Exercise instructions:
Print, exactly as they stand, the lines below from the one that has "SAILOR STRIPE TIE TOP" to the one that has "Wixine 100Pcs Stingray", inclusive, leaving out the pictures.

►

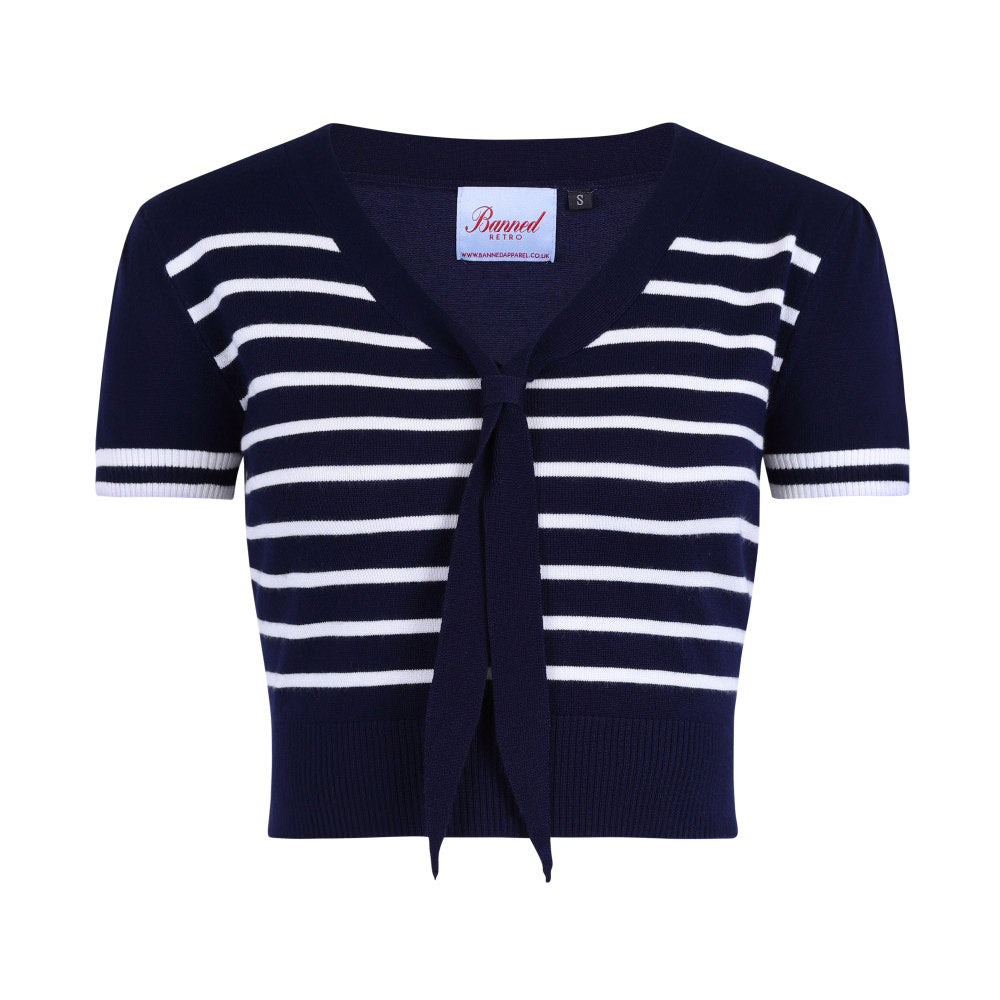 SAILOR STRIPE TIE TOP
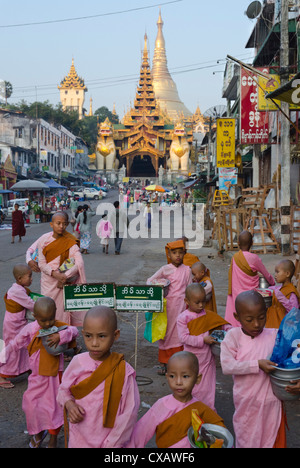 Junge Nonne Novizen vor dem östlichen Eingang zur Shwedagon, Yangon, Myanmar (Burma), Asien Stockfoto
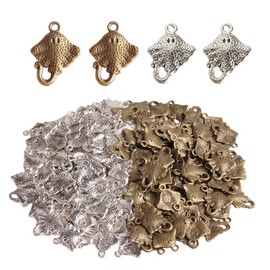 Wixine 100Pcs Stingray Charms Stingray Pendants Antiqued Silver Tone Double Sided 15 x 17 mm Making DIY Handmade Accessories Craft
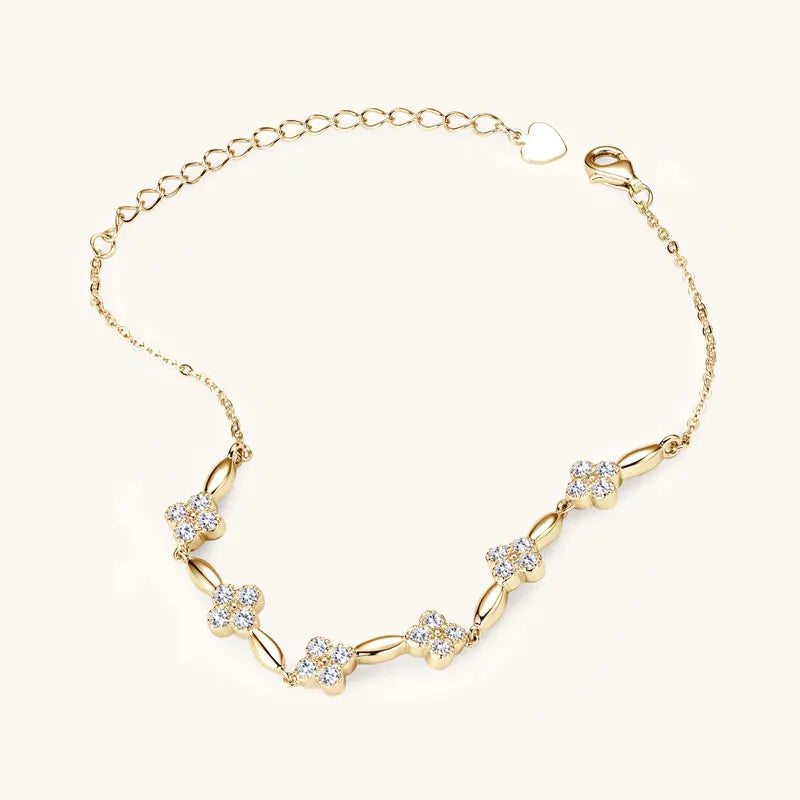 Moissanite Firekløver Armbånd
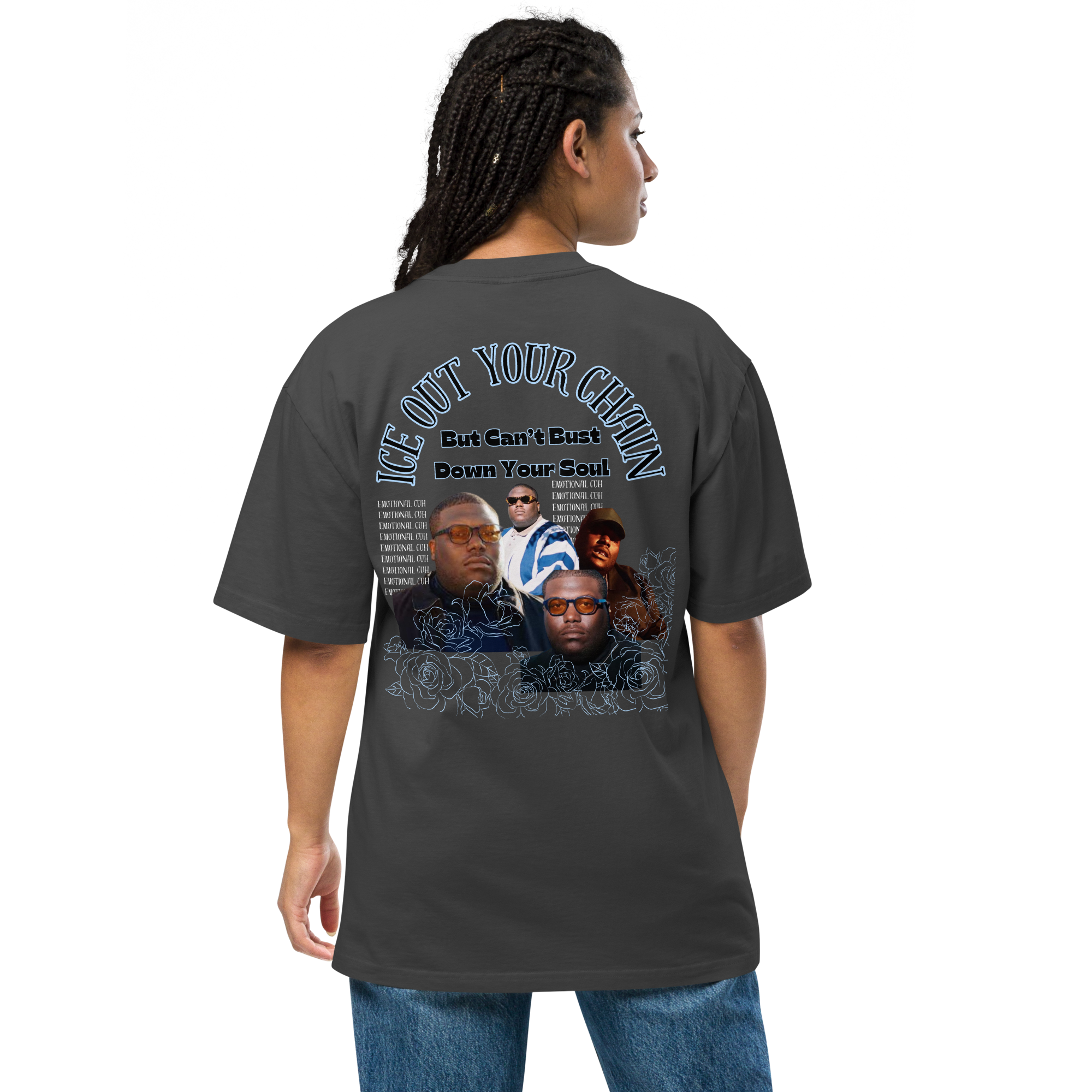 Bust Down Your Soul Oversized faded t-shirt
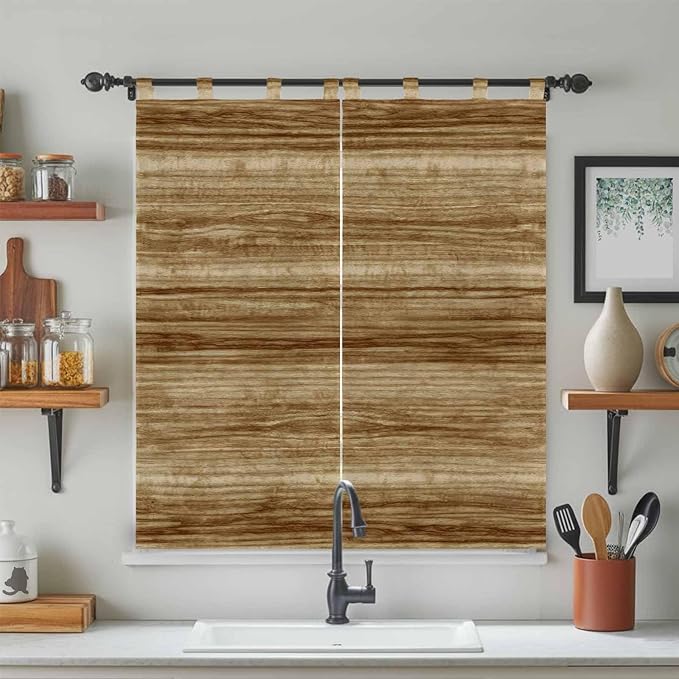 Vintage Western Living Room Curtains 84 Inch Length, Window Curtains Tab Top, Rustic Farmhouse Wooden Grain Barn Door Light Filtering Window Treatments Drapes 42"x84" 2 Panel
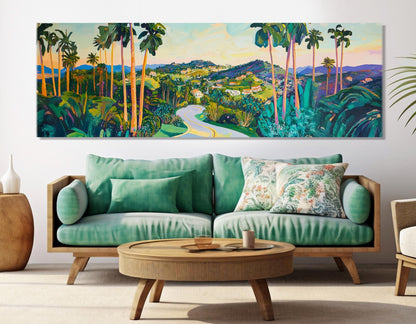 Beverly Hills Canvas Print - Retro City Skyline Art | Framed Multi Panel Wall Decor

◄
►

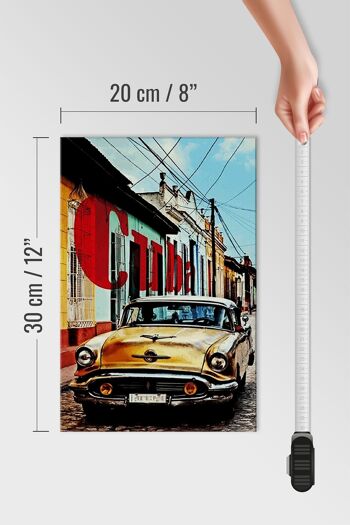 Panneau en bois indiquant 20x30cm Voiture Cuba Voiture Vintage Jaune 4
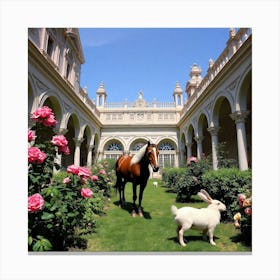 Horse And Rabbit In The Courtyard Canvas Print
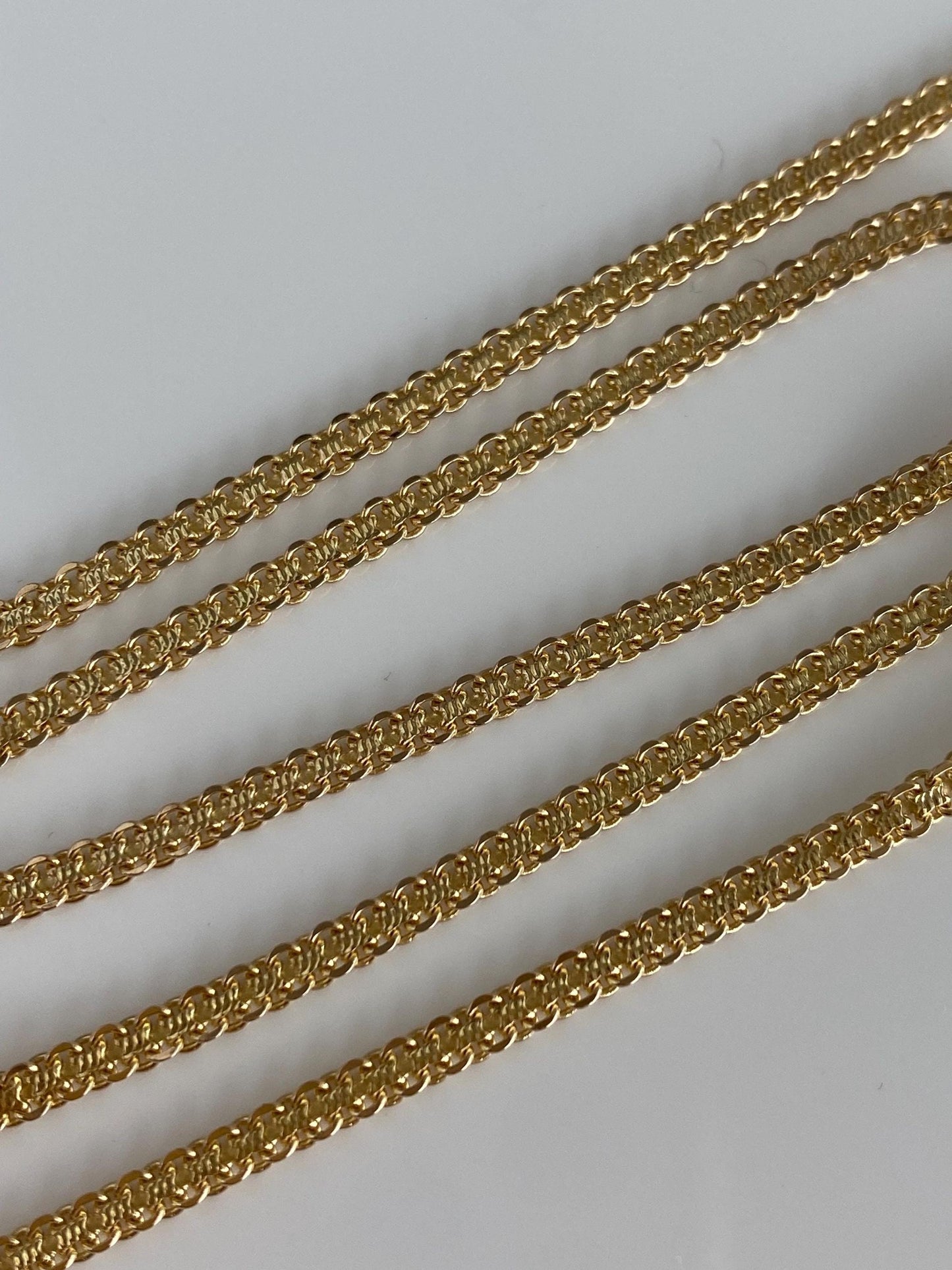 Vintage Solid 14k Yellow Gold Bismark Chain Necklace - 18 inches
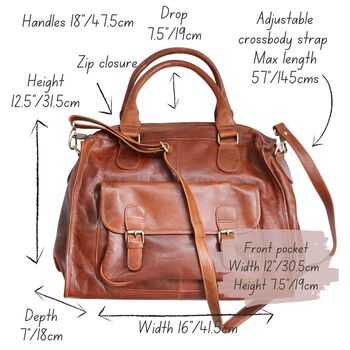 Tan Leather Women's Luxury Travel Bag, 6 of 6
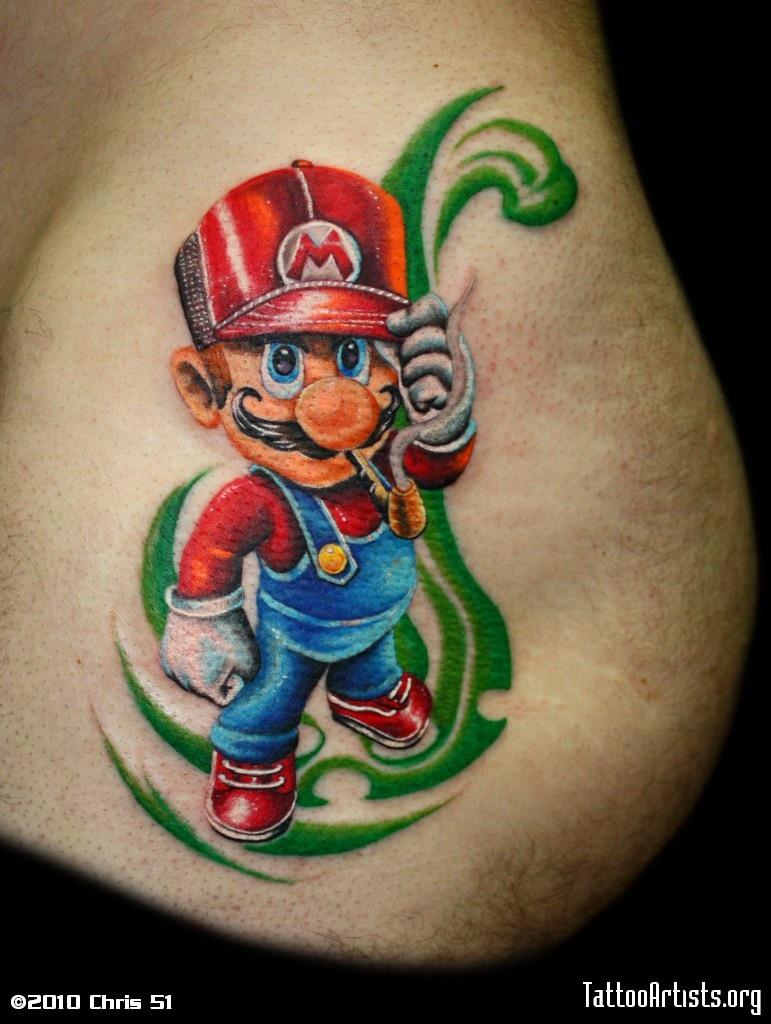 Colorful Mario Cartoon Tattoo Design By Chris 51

◄

Reply to the task:
 SAILOR STRIPE TIE TOP
 Junge Nonne Novizen vor dem östlichen Eingang zur Shwedagon, Yangon, Myanmar (Burma), Asien Stockfoto
 Wixine 100Pcs Stingray Charms Stingray Pendants Antiqued Silver Tone Double Sided 15 x 17 mm Making DIY Handmade Accessories Craft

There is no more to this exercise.